Yeah, it's good. She was literally standing in the corner by herself, counting items on a palette when she felt a massive shove from behind that pushed her away from the corner. She turned around to say, hey, what the hell to realize no one could have been behind her. Her back was up against the wall. Just then, an entire palette full of extra shelving fell from the top shelf in the stock room near the ceiling. Holy shit, it landed right where she had been standing. Turns out there were employees in the next aisle trying to add items to that top shelf and hit the palette of shelving, pushing it off the other side. Guys, come on. The security guard had seen it happen on the screen in her office and came running back to grab my mom and say, we almost lost you. There's no explanation for what pushed mom, and no one else was in that aisle with her on the security camera. Her parents had passed away maybe a year before this, and she says she knows for certain it was her dad that saved her. My papa was an amazing man, and I thank him every day for saving my mom. Thank of your amazing podcast that gives all of us humor and hope. Oh stay sexy, and thank you Guardian Angel Papa. Anastasia.

Oh my god, Anastasia, I love that one.

The like surety that it's her dad is like so like got me choked up.

Yeah, you know where It's just like She's like, my dad shoved me like every other day.

Was a big pusher, a constant.

I love to stand under things like pianos that were dangling out of windows.

I can't tell you how many times he shoved me out of the way of danger.

And in it one more time I knew that familiar feeling. But also I want to know if that security guard that saw it on the on the camera saw the shove where.
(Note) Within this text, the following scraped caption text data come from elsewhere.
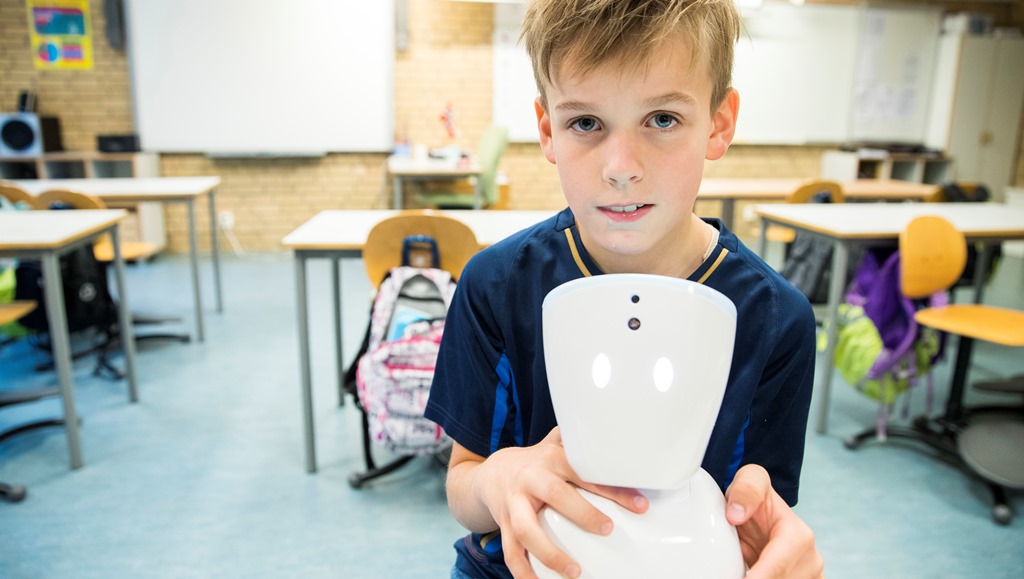 Eirik Sander Viken (9) går på Hvalstad skole. Rundt 10 uker hvert år er han borte fra undervisningen, men denne lille roboten streamer lyd og bilde fra klasserommet og har også en høyttaler som gjør at Eirik kan stille spørsmål og skravle med vennene i friminuttene. 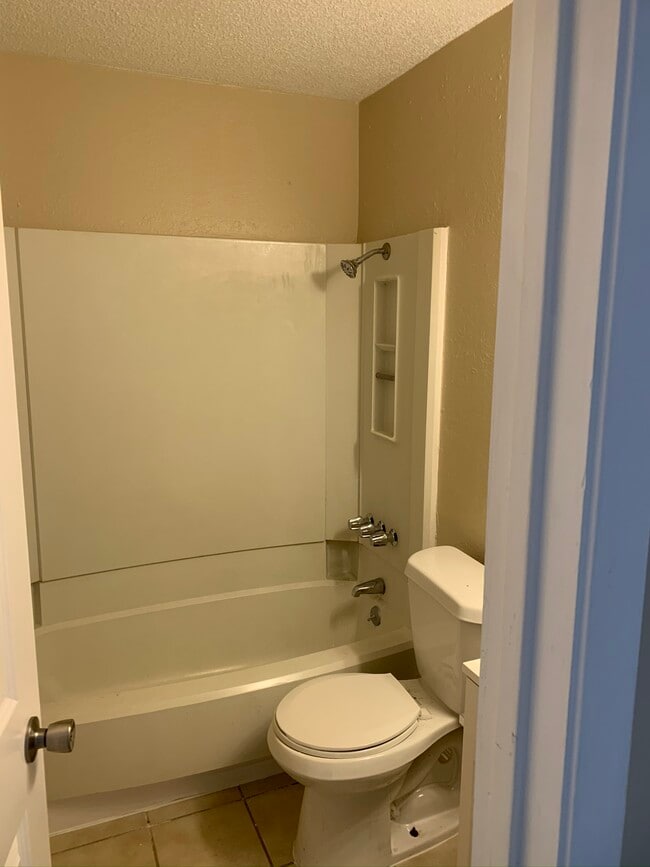 Photo - 301 Hedgewood Dr Unit B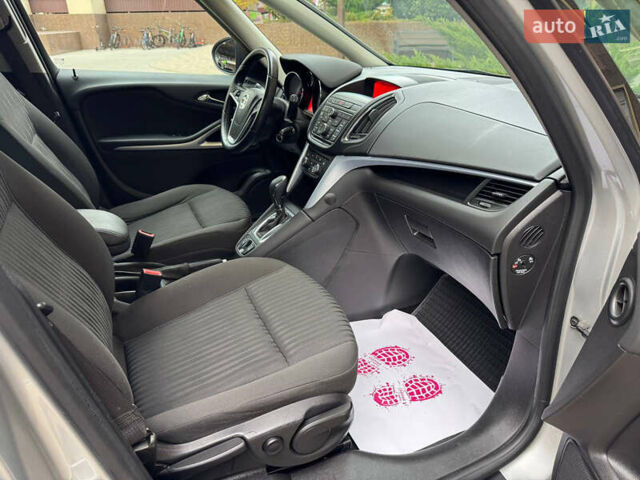 Серый Опель Зафира, объемом двигателя 2 л и пробегом 195 тыс. км за 11500 $, фото 29 на Automoto.ua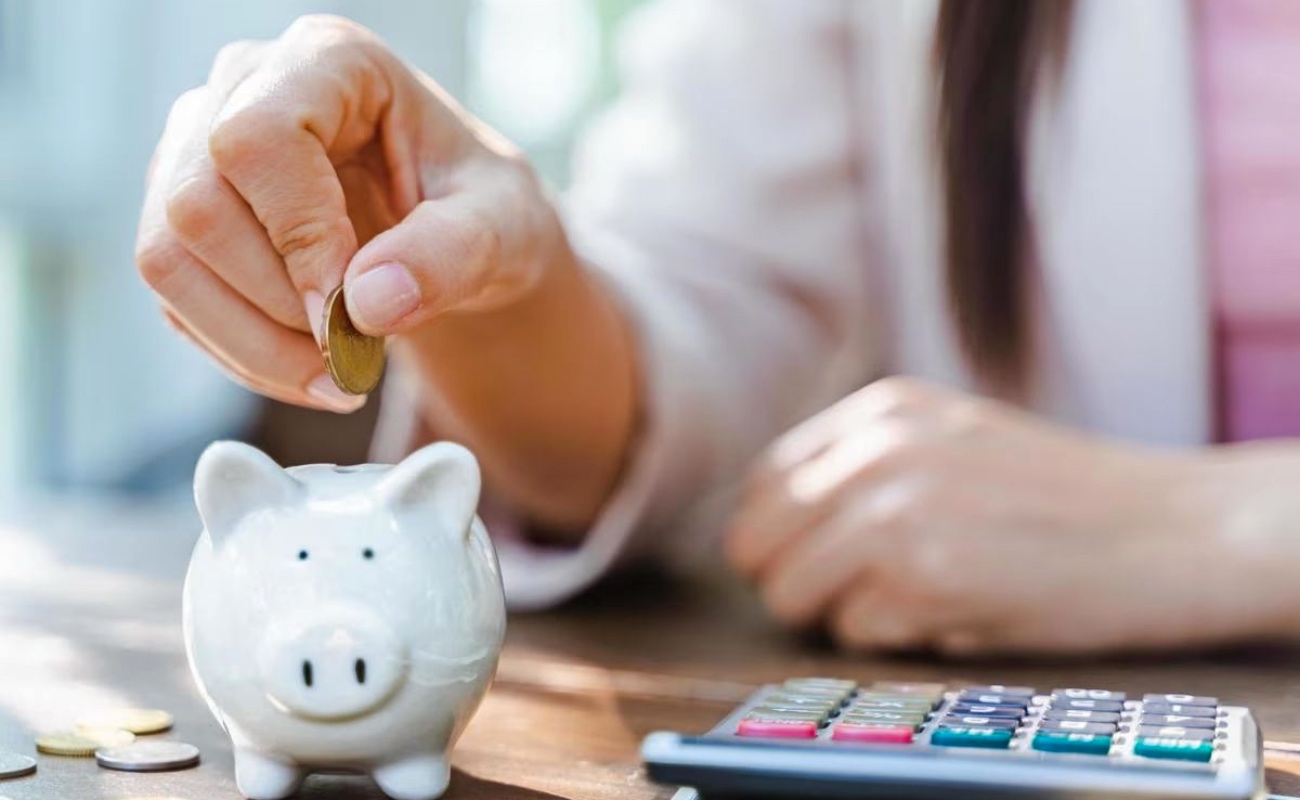 Las mujeres enfrentan tasas de interés más altas y montos de crédito más bajos, a pesar de menores tasas de incumplimiento.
It's all sudden, right, she goes.

Like that totally me too, that'd be cool.

Okay anyway.

The subject line of this email is Hell's Angels used to pick up my mom from school. Gals, gals, gals, It's time I've arrived. I can finally tell the story and I know you'll get it. I've been here since twenty sixteen, UK listener. You got me through it all. We're grown.

Let's go. Huh excute.

I know in episode four fifty you talked about the Hell's Angels and yahs. I can sorry, yass yass, I can finally share my mom's ridiculous connection to them. Back in the seventies, my granddad, my mom's dad, was well known in the northeast of England, first for being a prize fighting Irish boxer whoa yeah right, I kind of want to look that up, but also in his later years as a respected pub landlord. When my mom was around seven or eight, he decided to branch out and purchase a well known wine bar that had fallen on hard times. What he didn't know is that this bar was often frequented by the Hell's Angels.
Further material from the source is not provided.